Payments for goods on Silk Road were made with the virtual currency Bitcoin, which can be hard to monitor.
Court documents from the FBI said the site had just under a million registered users, but investigators said they did not know how many were active.
Earlier this year Carnegie Mellon University estimated that over $1.22m (£786,000) worth of trading took place on the Silk Road every month.

How bitcoins work

Bitcoin is often referred to as a new kind of currency.
But it may be better to think of its units as being virtual tokens that have value because enough people believe they do and there is a finite number of them.
Each of the 11 million Bitcoins currently in existence is represented by a unique online registration number.
These numbers are created through a process called "mining", which involves a computer solving a difficult mathematical problem.
Each time a problem is solved the computer's owner is rewarded with 25 Bitcoins.
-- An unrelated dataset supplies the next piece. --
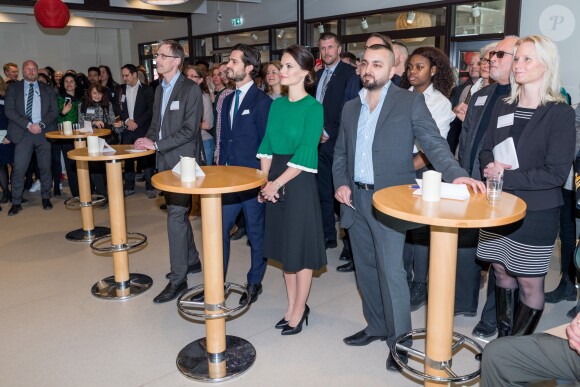 La princesse Sofia et le prince Carl Philip de Suède ont inauguré ensemble un centre de loisirs pour les jeunes défavorisés à Husby, dans la banlieue de Stockholm, le 17 mars 2017.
To receive a Bitcoin, a user must also have a Bitcoin address - a randomly generated string of 27 to 34 letters and numbers - which acts as a kind of virtual postbox to and from which the Bitcoins are sent.
Since there is no registry of these addresses, people can use them to protect their anonymity when making a transaction.
These addresses are in turn stored in Bitcoin wallets, which are used to manage savings. They operate like privately run bank accounts - with the proviso that if the data is lost, so are the Bitcoins contained.